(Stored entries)
★ ★ ★ ★

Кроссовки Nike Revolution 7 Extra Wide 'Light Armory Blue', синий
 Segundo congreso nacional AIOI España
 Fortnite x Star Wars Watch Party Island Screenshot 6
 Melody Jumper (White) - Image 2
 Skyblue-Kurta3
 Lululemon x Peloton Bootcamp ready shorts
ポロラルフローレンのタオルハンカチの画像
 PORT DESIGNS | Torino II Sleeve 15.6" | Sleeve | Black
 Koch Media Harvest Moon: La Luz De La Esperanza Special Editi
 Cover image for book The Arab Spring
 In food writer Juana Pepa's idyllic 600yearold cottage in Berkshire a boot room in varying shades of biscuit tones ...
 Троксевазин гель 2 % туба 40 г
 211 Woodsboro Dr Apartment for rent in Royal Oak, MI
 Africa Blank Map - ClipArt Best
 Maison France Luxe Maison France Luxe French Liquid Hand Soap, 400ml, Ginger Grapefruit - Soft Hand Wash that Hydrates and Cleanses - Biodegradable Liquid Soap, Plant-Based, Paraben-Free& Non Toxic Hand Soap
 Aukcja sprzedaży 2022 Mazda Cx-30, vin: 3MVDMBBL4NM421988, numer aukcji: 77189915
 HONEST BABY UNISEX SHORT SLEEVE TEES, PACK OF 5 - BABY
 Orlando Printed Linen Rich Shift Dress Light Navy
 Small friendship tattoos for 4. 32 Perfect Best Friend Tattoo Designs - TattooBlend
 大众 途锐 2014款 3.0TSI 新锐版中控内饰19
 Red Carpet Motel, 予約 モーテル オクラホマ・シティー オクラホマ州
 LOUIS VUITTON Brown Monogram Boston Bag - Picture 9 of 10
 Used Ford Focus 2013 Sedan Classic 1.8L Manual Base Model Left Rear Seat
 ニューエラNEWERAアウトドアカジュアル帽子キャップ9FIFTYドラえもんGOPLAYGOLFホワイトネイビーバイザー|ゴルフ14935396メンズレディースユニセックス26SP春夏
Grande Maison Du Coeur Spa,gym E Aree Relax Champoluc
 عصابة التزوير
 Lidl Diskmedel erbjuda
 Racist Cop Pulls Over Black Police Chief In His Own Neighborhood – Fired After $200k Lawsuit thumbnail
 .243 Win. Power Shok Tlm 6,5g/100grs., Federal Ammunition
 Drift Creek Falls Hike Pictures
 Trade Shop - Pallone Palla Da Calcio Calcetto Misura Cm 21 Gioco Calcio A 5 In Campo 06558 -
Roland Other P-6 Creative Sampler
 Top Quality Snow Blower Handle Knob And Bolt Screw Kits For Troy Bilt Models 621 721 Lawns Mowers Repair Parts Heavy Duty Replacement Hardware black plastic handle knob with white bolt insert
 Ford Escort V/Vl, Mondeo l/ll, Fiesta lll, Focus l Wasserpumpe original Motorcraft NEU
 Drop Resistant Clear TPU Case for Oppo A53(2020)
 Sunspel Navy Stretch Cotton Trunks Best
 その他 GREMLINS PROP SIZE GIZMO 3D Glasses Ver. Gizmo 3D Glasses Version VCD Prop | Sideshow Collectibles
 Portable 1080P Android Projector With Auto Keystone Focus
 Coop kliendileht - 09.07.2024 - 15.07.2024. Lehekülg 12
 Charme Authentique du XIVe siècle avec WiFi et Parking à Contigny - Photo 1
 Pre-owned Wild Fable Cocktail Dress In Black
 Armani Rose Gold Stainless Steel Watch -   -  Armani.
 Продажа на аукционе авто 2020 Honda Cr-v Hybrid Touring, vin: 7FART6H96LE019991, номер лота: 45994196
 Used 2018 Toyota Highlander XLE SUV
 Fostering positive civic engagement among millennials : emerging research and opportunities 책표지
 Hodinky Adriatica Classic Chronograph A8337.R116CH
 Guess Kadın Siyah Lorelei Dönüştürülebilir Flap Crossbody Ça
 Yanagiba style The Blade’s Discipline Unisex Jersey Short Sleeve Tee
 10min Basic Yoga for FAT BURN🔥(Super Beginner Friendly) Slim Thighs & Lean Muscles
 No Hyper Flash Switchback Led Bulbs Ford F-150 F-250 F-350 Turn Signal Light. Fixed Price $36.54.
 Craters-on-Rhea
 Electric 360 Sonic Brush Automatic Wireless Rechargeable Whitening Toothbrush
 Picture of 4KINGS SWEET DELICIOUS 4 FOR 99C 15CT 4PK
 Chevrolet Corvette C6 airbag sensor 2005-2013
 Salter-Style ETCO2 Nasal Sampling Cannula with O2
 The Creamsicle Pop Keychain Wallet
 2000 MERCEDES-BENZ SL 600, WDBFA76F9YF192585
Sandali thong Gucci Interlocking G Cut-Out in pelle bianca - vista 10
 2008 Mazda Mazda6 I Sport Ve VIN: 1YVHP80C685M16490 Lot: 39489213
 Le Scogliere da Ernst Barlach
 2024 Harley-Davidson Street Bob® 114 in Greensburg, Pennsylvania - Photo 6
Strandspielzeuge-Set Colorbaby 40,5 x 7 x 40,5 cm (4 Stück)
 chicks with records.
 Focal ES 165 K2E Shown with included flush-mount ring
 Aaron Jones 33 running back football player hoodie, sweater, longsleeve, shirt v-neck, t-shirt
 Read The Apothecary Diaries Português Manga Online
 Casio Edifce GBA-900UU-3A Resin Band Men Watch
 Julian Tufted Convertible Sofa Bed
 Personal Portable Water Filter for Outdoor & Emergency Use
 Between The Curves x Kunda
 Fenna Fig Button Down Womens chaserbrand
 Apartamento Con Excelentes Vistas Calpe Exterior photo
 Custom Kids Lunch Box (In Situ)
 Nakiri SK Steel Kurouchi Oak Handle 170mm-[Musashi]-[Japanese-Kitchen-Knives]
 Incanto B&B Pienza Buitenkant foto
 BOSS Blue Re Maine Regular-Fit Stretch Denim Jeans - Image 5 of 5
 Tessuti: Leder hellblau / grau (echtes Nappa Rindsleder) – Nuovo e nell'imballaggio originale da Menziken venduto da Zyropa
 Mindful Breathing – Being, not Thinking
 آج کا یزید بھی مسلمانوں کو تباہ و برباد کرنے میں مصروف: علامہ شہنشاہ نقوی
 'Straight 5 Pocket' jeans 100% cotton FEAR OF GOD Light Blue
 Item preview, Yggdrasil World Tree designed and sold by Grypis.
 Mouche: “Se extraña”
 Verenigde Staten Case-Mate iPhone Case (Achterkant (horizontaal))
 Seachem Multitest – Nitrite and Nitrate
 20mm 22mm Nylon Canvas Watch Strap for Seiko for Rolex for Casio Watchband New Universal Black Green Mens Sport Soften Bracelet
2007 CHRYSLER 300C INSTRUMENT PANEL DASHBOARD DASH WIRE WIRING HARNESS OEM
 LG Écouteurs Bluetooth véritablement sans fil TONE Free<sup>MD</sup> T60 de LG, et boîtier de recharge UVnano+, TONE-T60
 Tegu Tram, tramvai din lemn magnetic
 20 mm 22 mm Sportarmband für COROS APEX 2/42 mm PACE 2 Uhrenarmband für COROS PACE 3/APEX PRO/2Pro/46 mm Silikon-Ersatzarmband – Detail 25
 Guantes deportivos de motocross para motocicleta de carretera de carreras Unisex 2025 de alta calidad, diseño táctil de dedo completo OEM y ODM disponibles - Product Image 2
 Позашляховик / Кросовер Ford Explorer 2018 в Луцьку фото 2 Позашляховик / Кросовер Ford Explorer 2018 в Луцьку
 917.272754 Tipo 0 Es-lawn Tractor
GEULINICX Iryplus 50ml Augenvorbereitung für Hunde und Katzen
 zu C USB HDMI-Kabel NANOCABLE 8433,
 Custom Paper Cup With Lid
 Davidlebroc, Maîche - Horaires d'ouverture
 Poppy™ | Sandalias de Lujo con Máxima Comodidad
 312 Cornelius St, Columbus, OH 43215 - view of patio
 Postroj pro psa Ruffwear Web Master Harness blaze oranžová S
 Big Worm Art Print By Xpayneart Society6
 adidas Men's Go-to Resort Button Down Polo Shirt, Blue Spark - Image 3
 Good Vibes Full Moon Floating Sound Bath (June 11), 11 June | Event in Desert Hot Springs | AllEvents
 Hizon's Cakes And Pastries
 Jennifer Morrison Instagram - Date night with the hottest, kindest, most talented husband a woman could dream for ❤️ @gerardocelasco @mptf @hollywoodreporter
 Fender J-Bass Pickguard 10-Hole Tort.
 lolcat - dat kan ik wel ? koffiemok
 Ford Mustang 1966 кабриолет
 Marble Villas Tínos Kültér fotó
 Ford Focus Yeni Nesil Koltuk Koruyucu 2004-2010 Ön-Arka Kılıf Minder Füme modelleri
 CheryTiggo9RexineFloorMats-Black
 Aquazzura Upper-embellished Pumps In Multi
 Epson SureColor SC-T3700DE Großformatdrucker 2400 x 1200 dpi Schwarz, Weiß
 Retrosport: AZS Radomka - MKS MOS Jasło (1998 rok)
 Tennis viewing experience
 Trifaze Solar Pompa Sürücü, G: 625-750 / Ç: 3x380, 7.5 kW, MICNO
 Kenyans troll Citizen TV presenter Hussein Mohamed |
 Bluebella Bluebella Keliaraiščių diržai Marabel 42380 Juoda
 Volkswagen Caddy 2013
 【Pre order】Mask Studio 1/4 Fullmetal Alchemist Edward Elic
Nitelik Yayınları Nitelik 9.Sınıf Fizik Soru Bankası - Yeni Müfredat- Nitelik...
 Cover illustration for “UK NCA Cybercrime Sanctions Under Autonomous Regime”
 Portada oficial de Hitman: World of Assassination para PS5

★ ★ ★ ★

REQUIRED WORK => Given the records above, restate word for word only the lines starting at the one with "Ford Escort V/Vl, Mondeo" and ending at the one with "Coop kliendileht - 09.07.2024".

EXERCISE OUTPUT =>
 Ford Escort V/Vl, Mondeo l/ll, Fiesta lll, Focus l Wasserpumpe original Motorcraft NEU
 Drop Resistant Clear TPU Case for Oppo A53(2020)
 Sunspel Navy Stretch Cotton Trunks Best
 その他 GREMLINS PROP SIZE GIZMO 3D Glasses Ver. Gizmo 3D Glasses Version VCD Prop | Sideshow Collectibles
 Portable 1080P Android Projector With Auto Keystone Focus
 Coop kliendileht - 09.07.2024 - 15.07.2024. Lehekülg 12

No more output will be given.